### [EXERCISE DESCRIPTION]
The answer must consist only of the lines in the records below from the line with "Modern white and" to the line with "Japanese Summer Sets", both included, copied word for word with every picture left out.

Stored data entries:
——————————

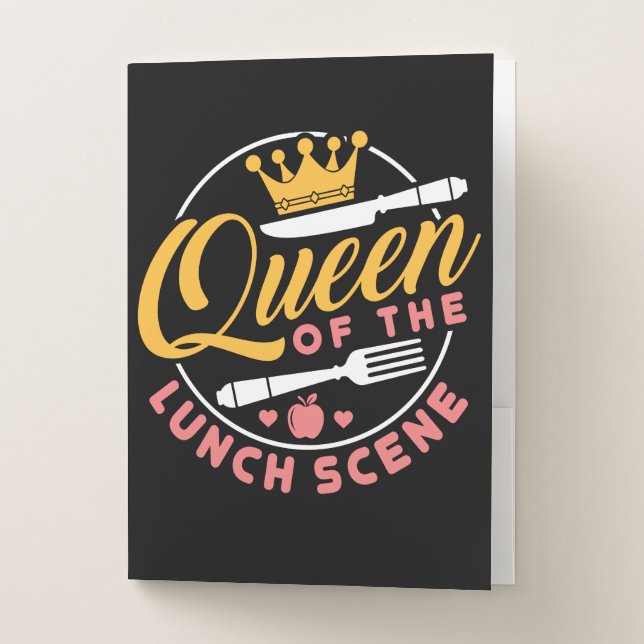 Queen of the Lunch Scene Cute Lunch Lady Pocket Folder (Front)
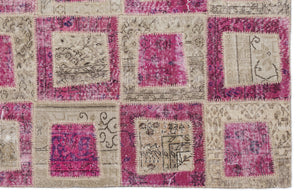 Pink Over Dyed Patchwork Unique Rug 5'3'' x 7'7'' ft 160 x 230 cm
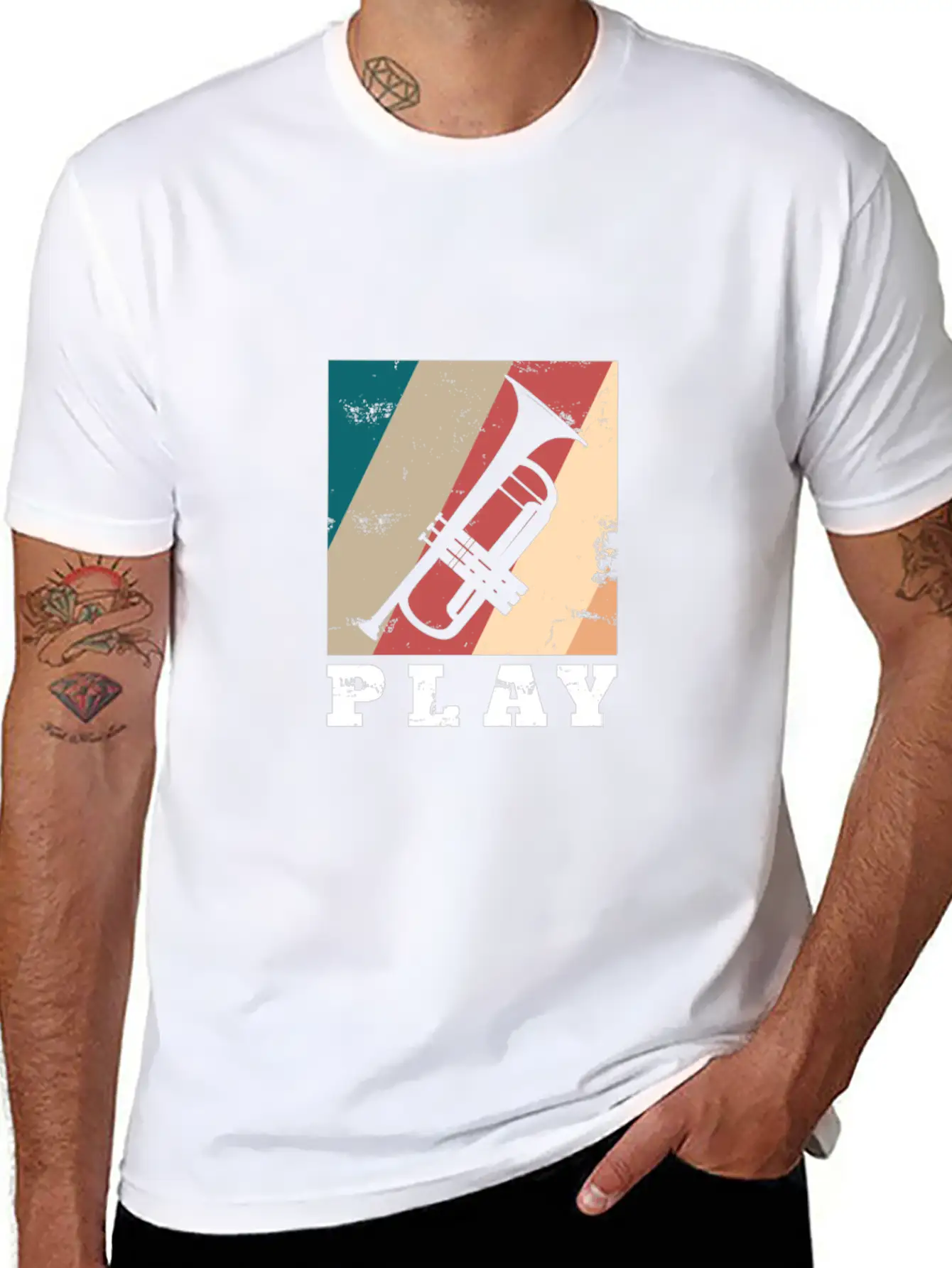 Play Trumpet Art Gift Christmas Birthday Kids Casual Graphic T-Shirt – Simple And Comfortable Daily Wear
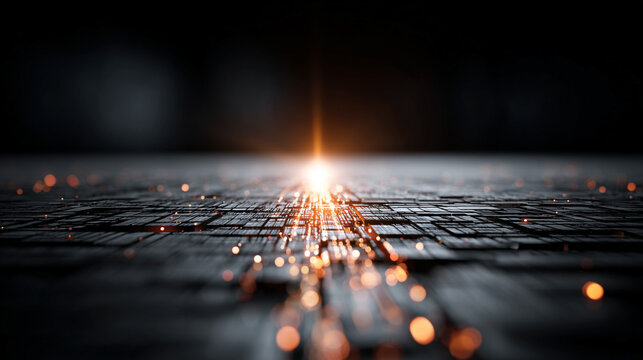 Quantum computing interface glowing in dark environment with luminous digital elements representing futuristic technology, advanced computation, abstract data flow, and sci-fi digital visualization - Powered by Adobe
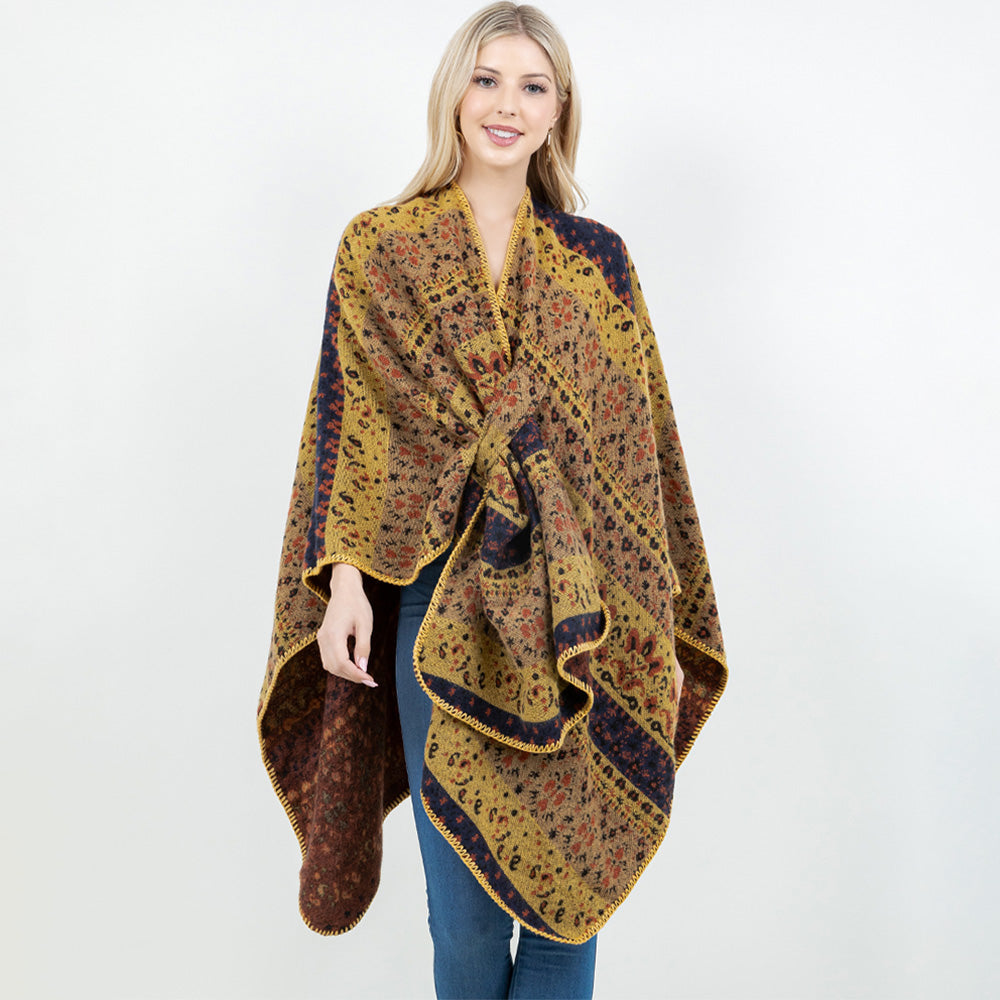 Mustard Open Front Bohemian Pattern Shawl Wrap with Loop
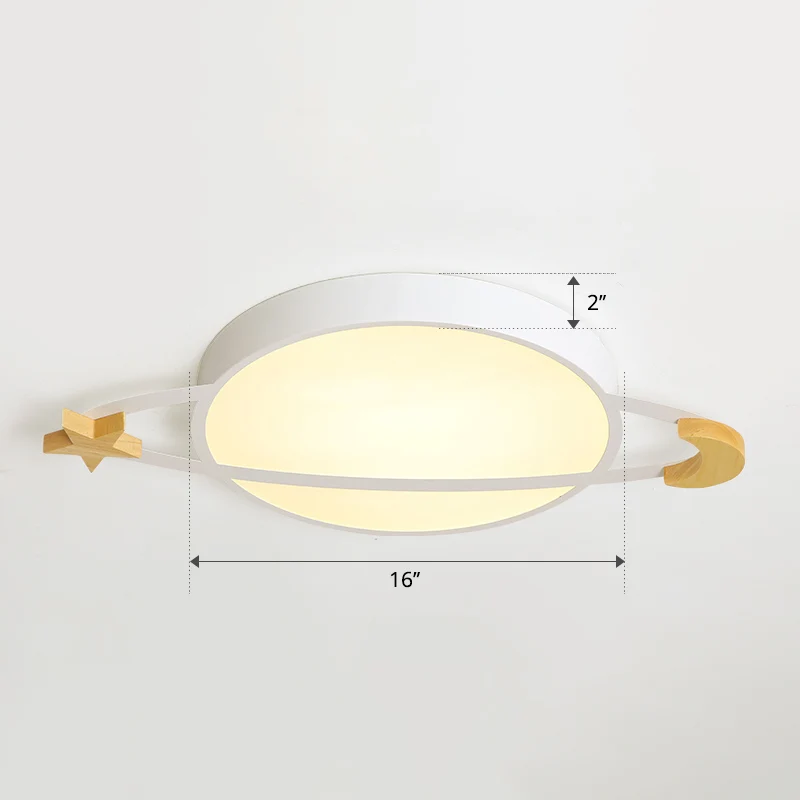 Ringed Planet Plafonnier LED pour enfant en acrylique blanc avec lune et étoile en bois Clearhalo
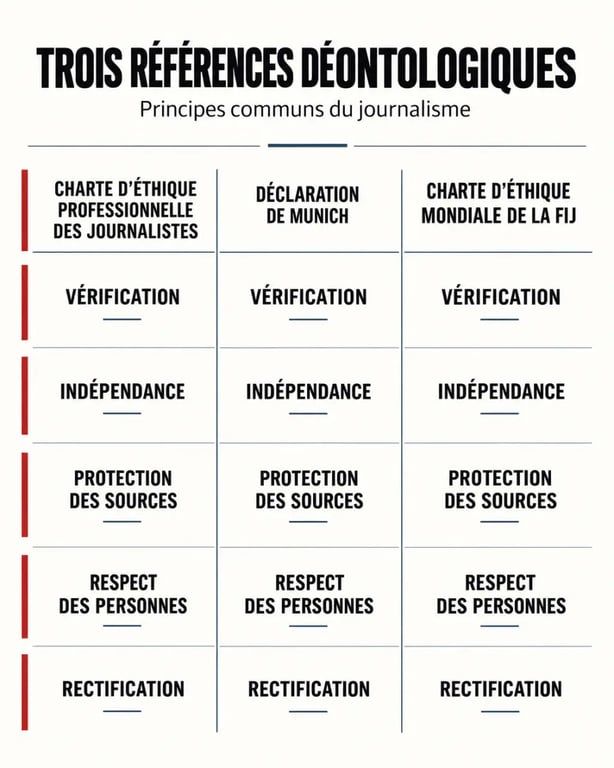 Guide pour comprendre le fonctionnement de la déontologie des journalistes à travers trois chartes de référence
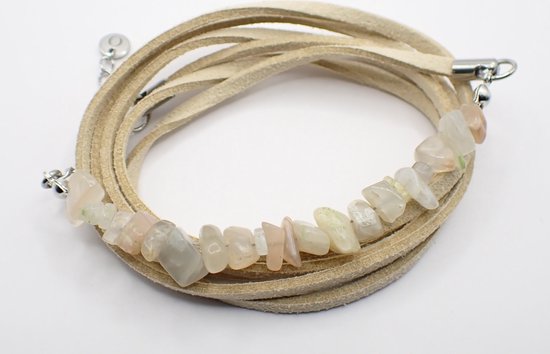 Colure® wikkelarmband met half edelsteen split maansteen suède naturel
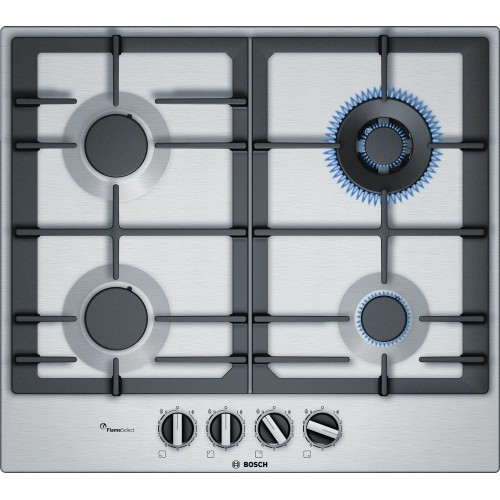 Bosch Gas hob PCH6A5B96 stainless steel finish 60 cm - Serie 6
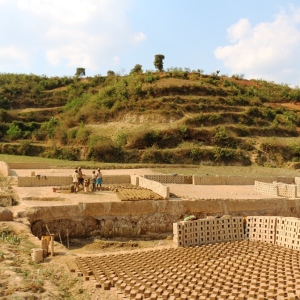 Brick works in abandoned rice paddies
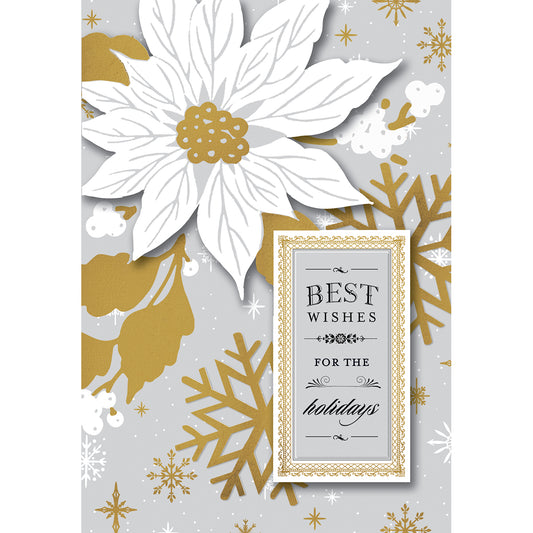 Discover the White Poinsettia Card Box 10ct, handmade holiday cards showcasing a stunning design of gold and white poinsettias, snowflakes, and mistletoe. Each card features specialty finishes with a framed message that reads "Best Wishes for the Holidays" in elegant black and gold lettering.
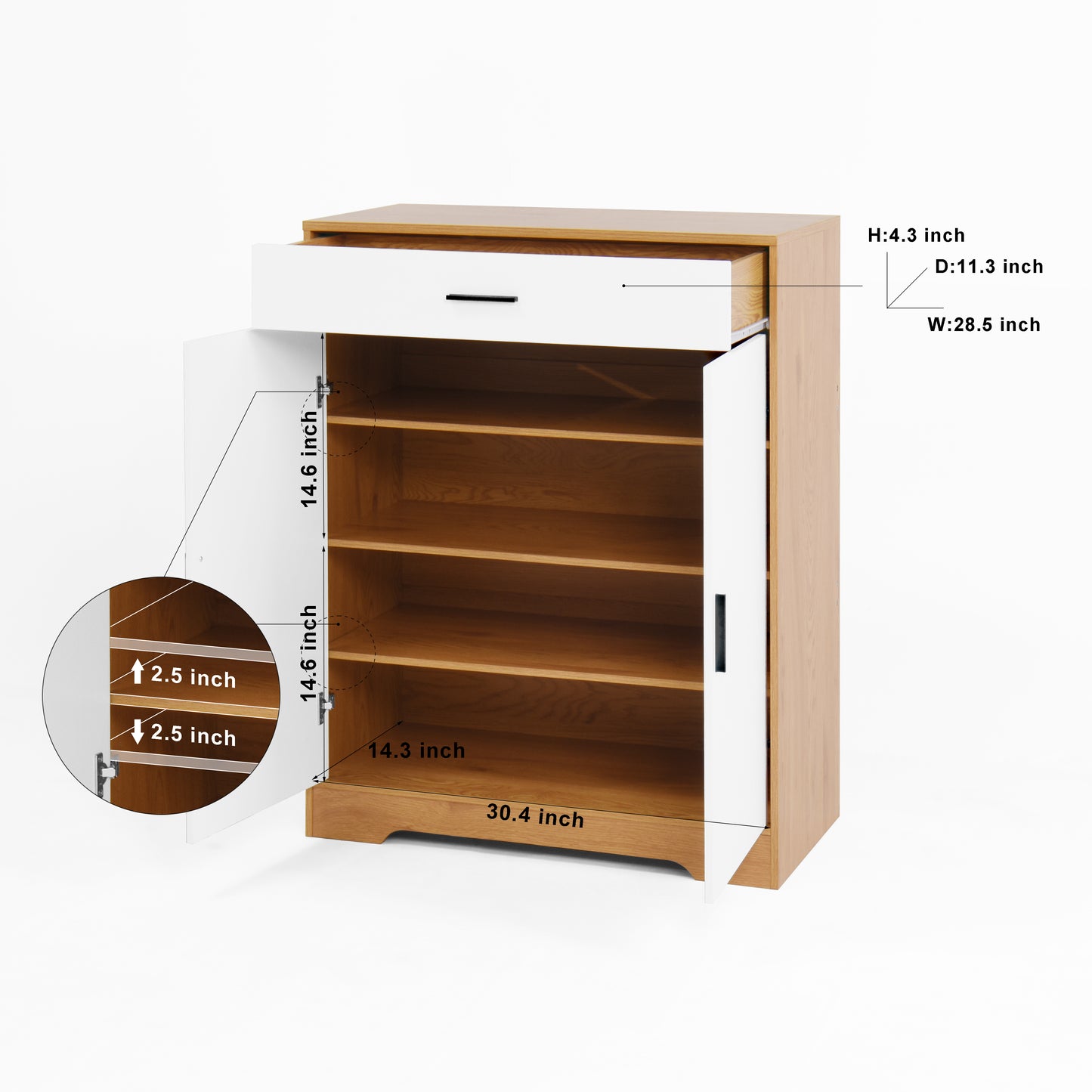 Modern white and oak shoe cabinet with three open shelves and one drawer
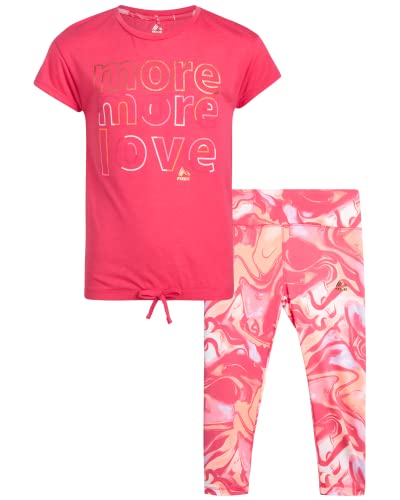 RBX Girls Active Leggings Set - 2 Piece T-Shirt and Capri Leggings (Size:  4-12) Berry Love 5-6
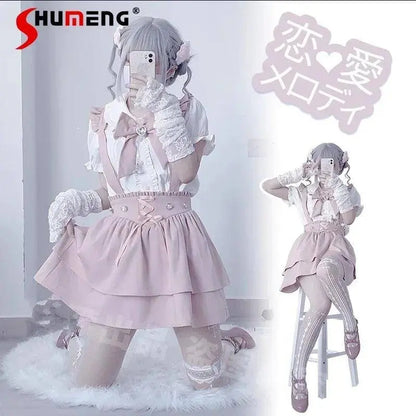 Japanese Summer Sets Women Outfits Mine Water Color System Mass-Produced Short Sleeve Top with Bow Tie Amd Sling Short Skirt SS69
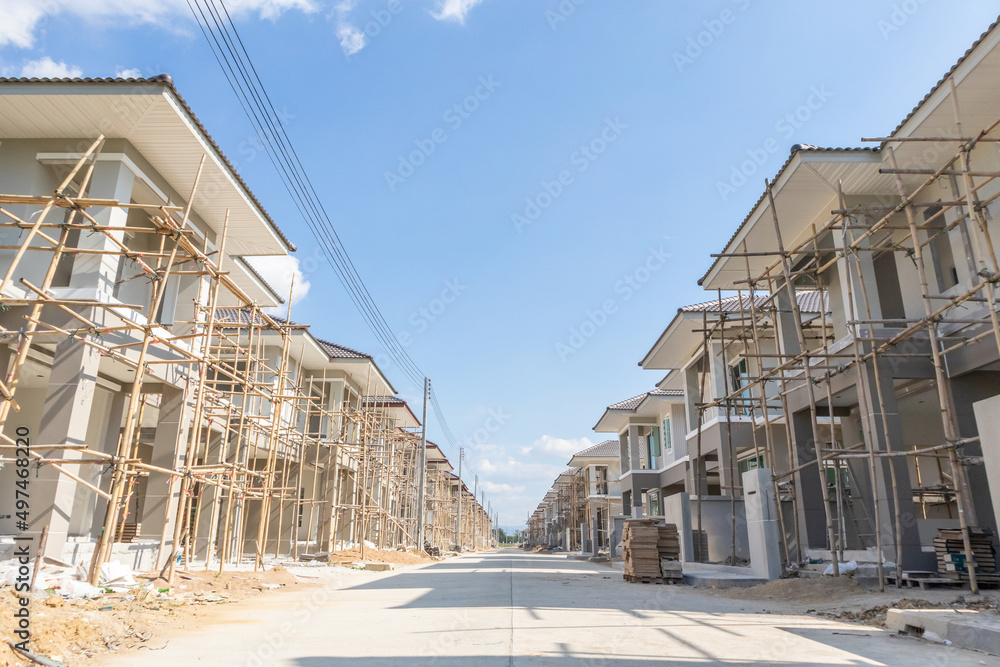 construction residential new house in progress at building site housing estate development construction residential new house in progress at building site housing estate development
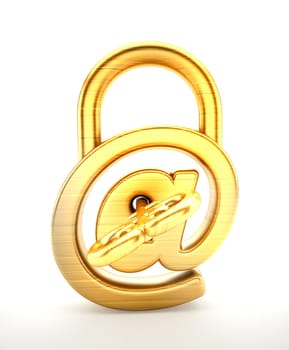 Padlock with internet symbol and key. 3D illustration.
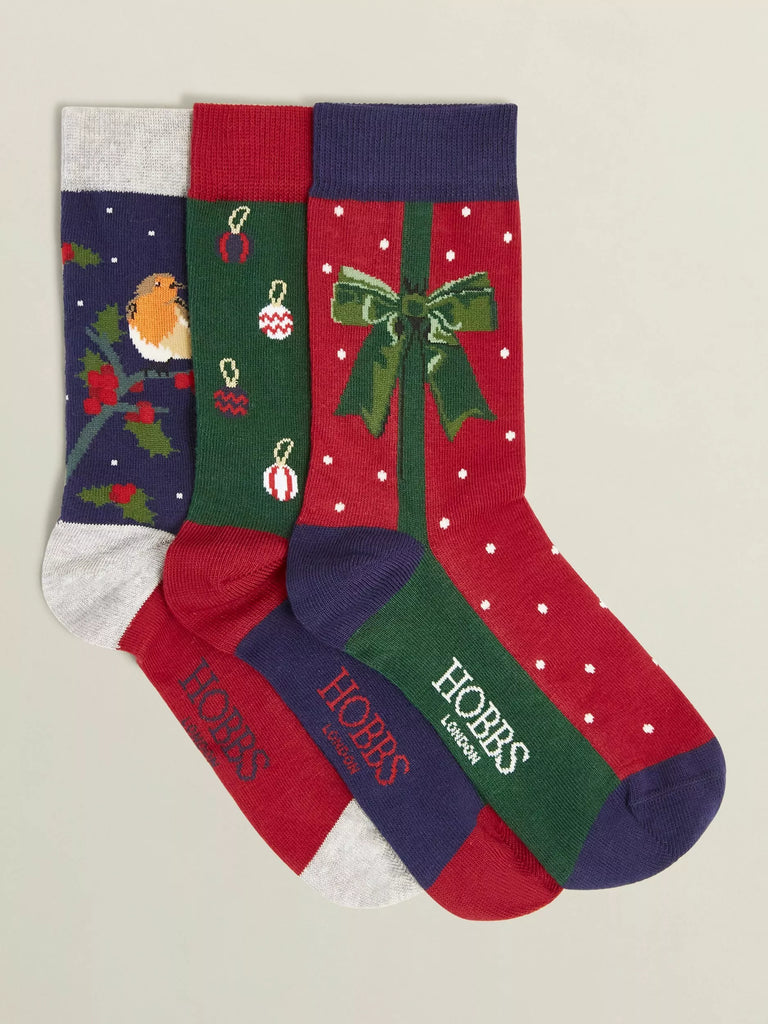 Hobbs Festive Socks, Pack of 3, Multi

——————————

### [ANSWER BOX]
 Modern white and oak shoe cabinet with three open shelves and one drawer
 RBX Girls Active Leggings Set - 2 Piece T-Shirt and Capri Leggings (Size:  4-12) Berry Love 5-6
 Japanese Summer Sets Women Outfits Mine Water Color System Mass-Produced Short Sleeve Top with Bow Tie Amd Sling Short Skirt SS69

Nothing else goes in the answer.